Begin at the line that has "Ejemplo de la", stop after the line that has "EMMA + OLIVER", and print exactly those lines from the records below, without any pictures.

[Information supplied Boundary: Start]

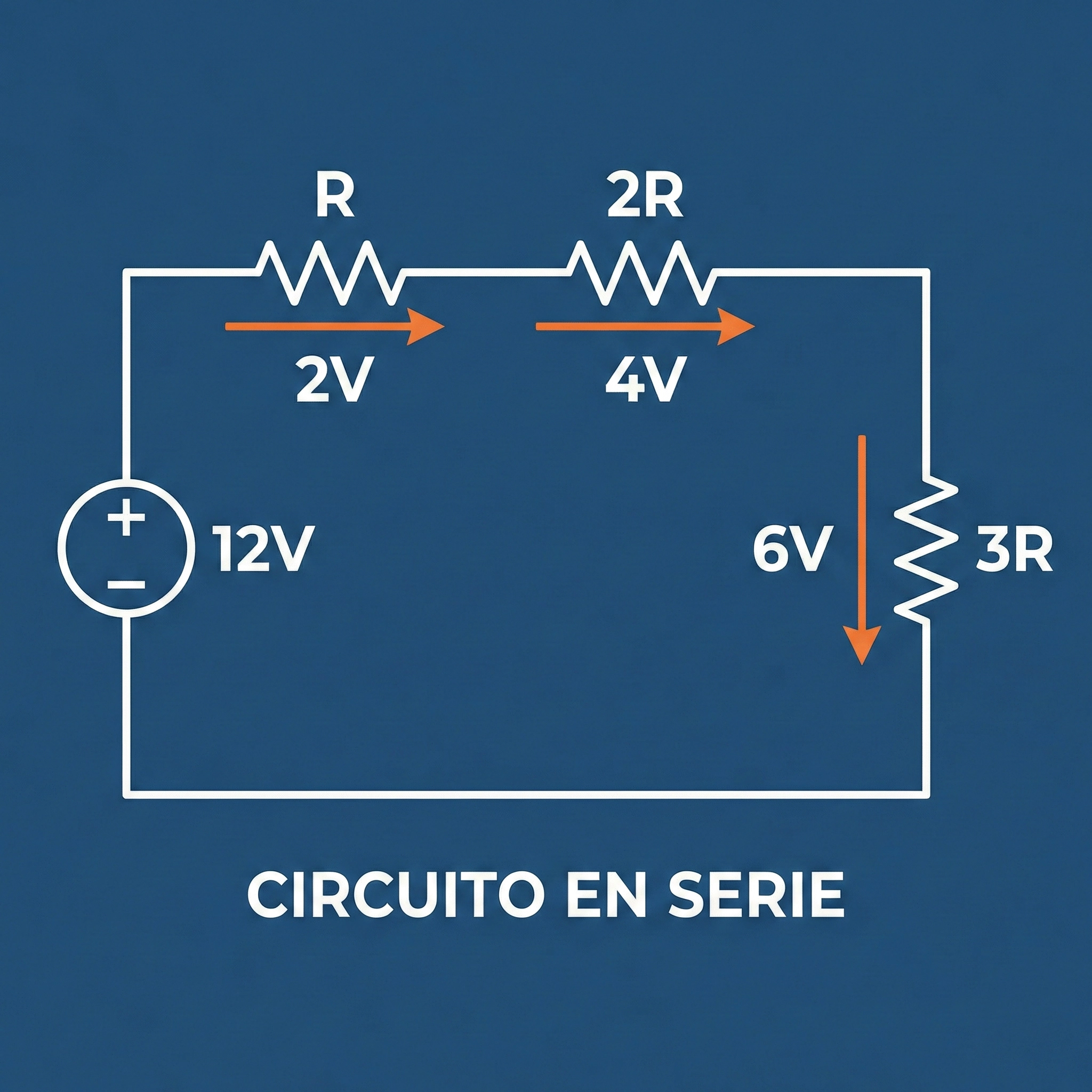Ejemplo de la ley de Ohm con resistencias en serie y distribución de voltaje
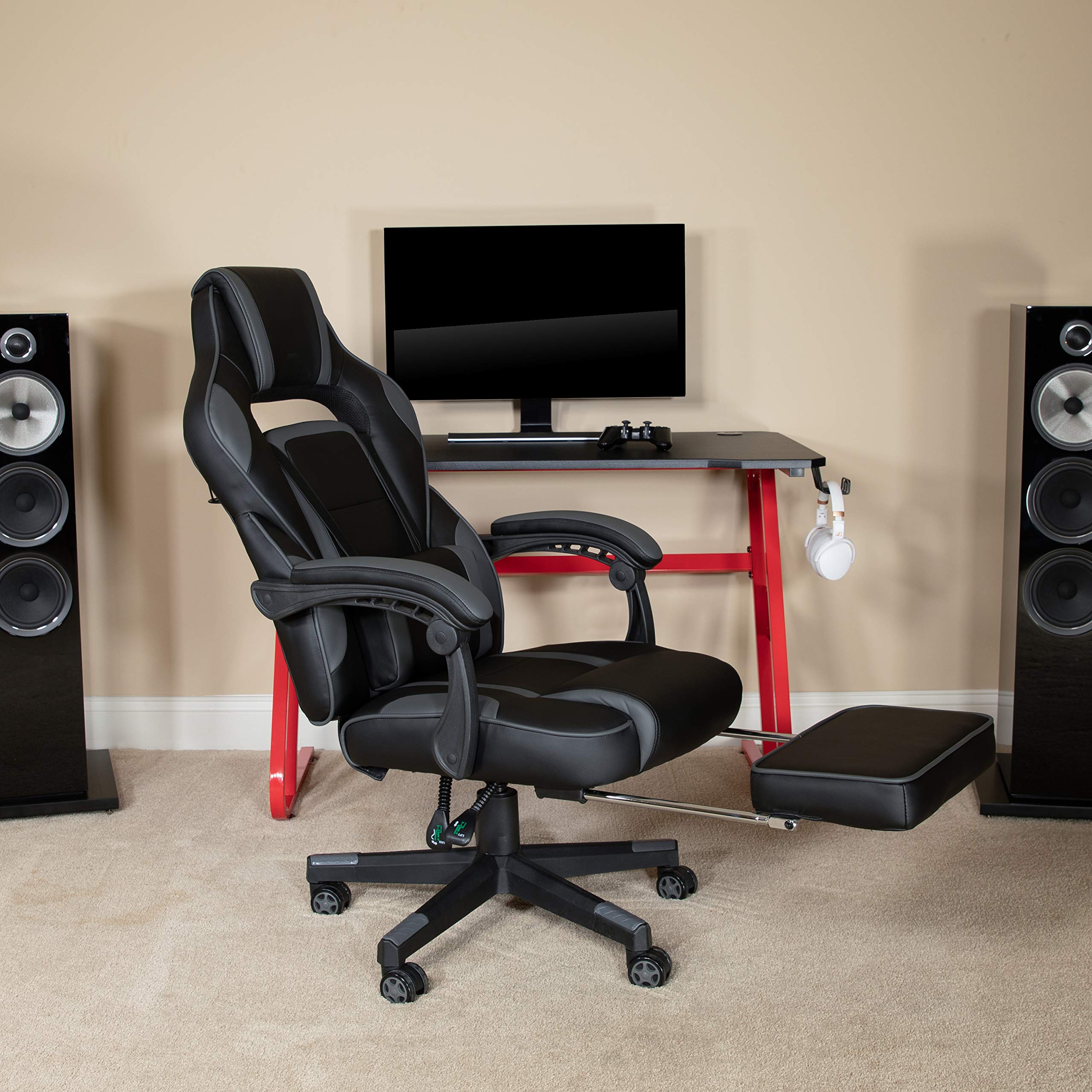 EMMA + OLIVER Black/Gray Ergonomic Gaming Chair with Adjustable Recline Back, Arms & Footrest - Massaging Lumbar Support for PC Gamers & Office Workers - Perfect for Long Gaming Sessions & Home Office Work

[Information supplied Boundary: End]
[Information supplied Boundary: Start]

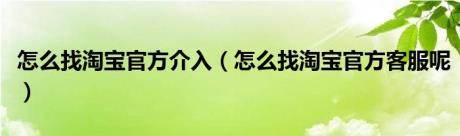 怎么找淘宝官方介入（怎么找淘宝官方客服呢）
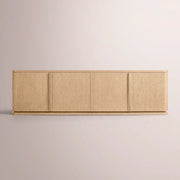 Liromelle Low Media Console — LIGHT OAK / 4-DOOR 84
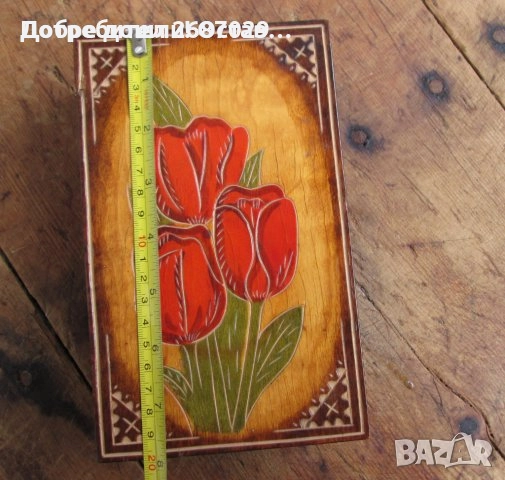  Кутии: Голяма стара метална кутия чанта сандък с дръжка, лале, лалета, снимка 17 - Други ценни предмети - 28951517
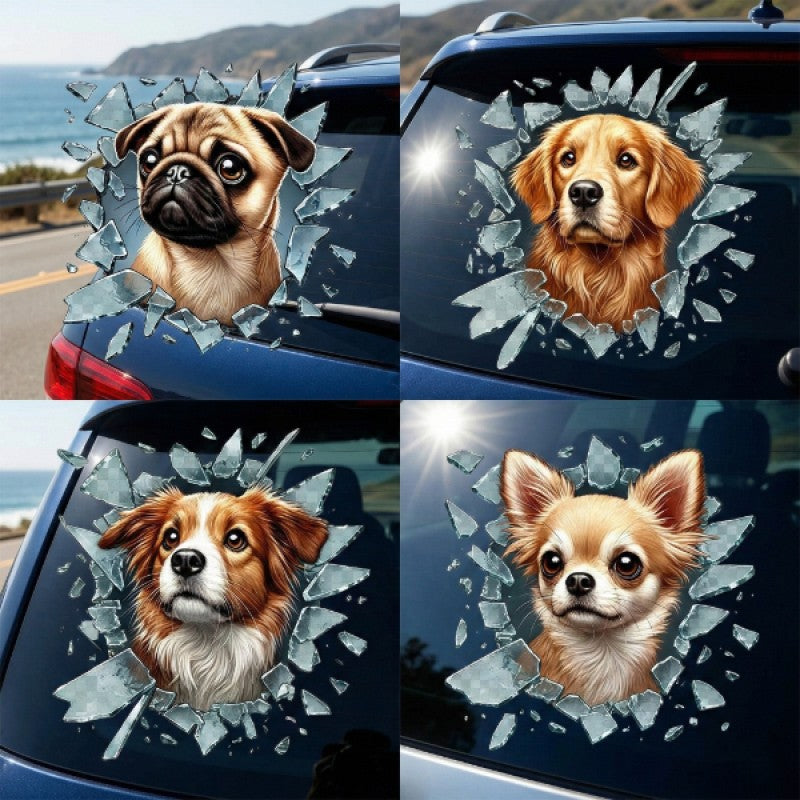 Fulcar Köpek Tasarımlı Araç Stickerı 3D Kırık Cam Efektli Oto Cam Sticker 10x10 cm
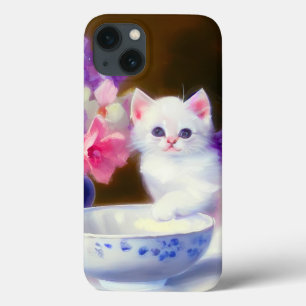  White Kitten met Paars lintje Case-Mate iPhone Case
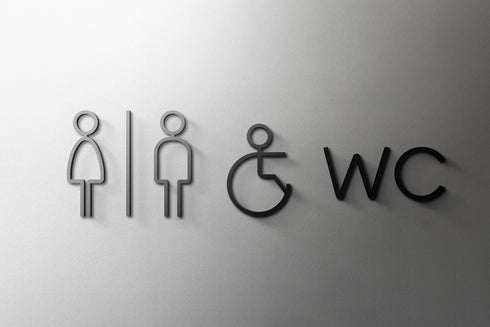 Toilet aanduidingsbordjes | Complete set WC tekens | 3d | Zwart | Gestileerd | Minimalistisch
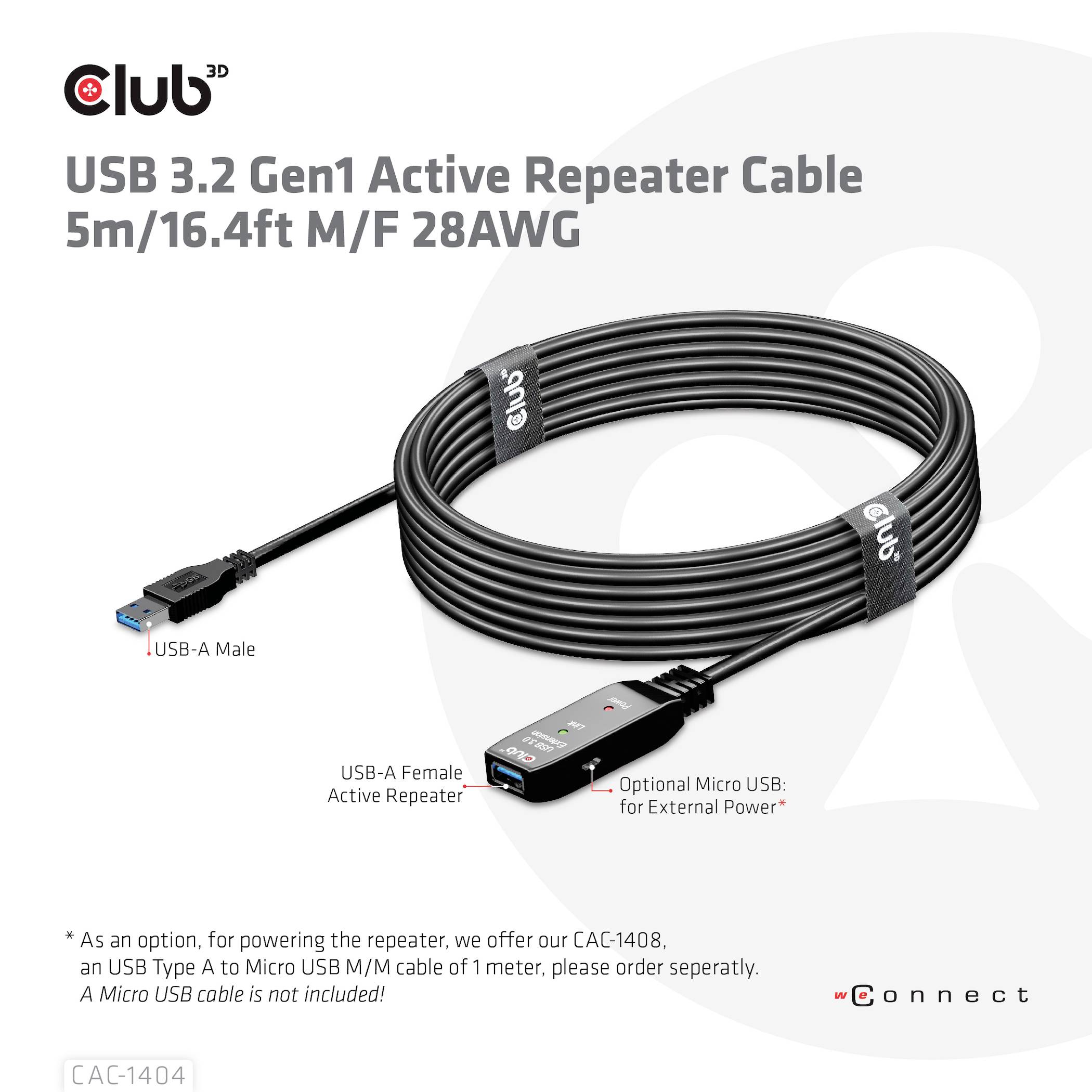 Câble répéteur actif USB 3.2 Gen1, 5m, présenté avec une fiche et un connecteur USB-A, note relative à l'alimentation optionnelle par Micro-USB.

[Information supplied Boundary: End]

Answer space
Ejemplo de la ley de Ohm con resistencias en serie y distribución de voltaje
 EMMA + OLIVER Black/Gray Ergonomic Gaming Chair with Adjustable Recline Back, Arms & Footrest - Massaging Lumbar Support for PC Gamers & Office Workers - Perfect for Long Gaming Sessions & Home Office Work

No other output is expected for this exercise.